LONDON (Reuters) - Banks should not use a delay in the introduction of new global capital rules in the United States as an excuse for postponing their adoption in Europe, the head of Britain’s financial watchdog said.
The European Union is expected to follow the United States in delaying Basel III global capital rules set to be implemented on a phased basis from January.
European banks have been lobbying for this delay, which was expected to be at least six months. They fear ending up being at a competitive disadvantage to U.S. rivals if the rules were not introduced at the same time.
Financial Services Authority Chairman Adair Turner, speaking at a conference on Tuesday, said big U.S. banks would still be “overtly and explicitly” required to meet standards beyond the Basel III targets under their 2013 stress tests.

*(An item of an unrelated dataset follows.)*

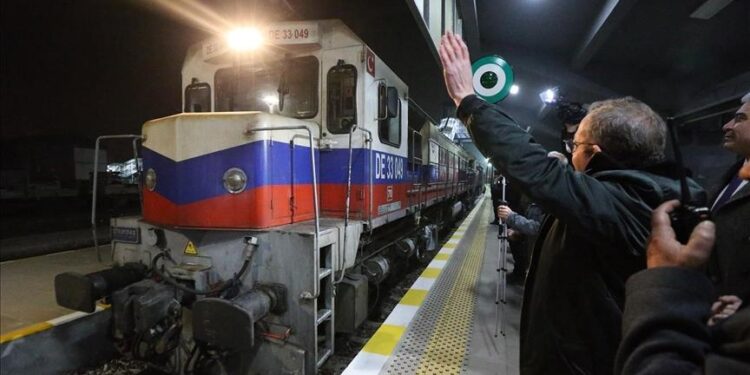 تركيا.. "قطار الشرق السريع" يفتتح موسمه السياحي الجديد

“It is very important to make that point and to not allow the continuation of the game where people refer to something that has happened on the other side of the Atlantic and suggest that we can weaken as well,” he said.
Turner is a member of the global Financial Stability Board, which oversaw the drafting of Basel III, rules that will triple the amount of capital banks hold compared with the 2007-09 crisis, during which taxpayers had to rescue many lenders.
The “disappointing” U.S. decision not to meet the 2013 start date for Basel III was discussed at an FSB meeting he attended in New York last week, Turner said.
Echoing a statement put out by the FSB after the meeting, Federal Reserve Governor Daniel Tarullo said at a conference in the U.S. capital that there was a commitment on both sides of the Atlantic to comply with the new capital rules.
“I don’t think there’s any question (as to) the continued commitment to the Basel III package,” Tarullo said in answer to a question from the audience after a speech on regulatory reform. Tarullo had also been at the meeting.
“I don’t detect any diminution in commitment to the Basel III package,” said Tarullo, who plays a leading role on regulatory issues at the U.S. central bank.
However, the FSA’s Turner warned that there was a danger regulators could become overly cautious as a result of the “huge mistakes” made before the crisis.
“We do have to make sure that we develop a supervisory approach that is robust where it needs to be but that is not always hyper cautious just for its own sake.”
The FSA is being scrapped in April and replaced with a new supervisory regime.